To properly answer this question, first let’s have a look at Samson’s life in general before we examine whether or not his superhuman strength came from his hair.
Manoah was Samson’s father, but for many years, Samson’s mother was childless due barrenness (Judges 13:2). After much prayer, God restored her fertility for the express purpose that she should bear a son who would free the Israelites from Philistine bondage (Judges 1, 5). Manoah and his wife (who is not named) had some specific instructions from God. Not only were they commanded to raise the child as a Nazarite, (Judges 5, 7), the mother was also instructed on what food and drink to avoid during her pregnancy (no alcoholic beverages or unclean foods) (Judges 4, 7, 14). But there was yet one more requirement to become a Nazarite: any man under a Nazarite vow was to never cut any hair on their head.
God blessed Samson as he matured and took his vow seriously, leaving his hair uncut (Judges 13:24 - 25). When he grew to manhood he used his great physical strength to literally wage a one-man war against the brutality of the Philistines.

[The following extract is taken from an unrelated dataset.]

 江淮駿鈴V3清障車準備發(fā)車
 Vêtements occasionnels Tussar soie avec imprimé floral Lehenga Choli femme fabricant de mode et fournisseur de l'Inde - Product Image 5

He also served twenty years as one of Israel’s ruling Judges.
But then the temptations of the world began drawing him away from God; and the Philistines, who were humiliated and angered that they were unable to destroy Samson because of his strength, devised a plan using the services of a seductive harlot named Delilah.
All the Philistine leaders agreed to pay her a generous amount of riches to find Samson’s secret as to how they could take him down (Judges 16:5). Delilah used Samson’s weakness for women to discover his secret — and ultimately she learned that the cutting of his hair would cause him to be as any ordinary man.
So was Samson’s strength in the hair itself? NO! Samson’s strength was a part of his vow as a Nazarite and it was the breaking of his vow to God that rendered him physically powerless. Delilah ultimately cut Samson’s hair and the Philistines captured him and blinded him.
But after a time Samson repented and when his hair grew back and his great strength returned, he had his revenge against the Philistines by bringing their temple crashing down on them, ultimately losing his own life in the process.
The breaking of any vow can lead to disatrous results and today one of the most obvious broken vows is the breaking of the marriage vow — destroying families and lives. I’m sure if Samson could do so he would warn us of the danger of taking our vows too lightly.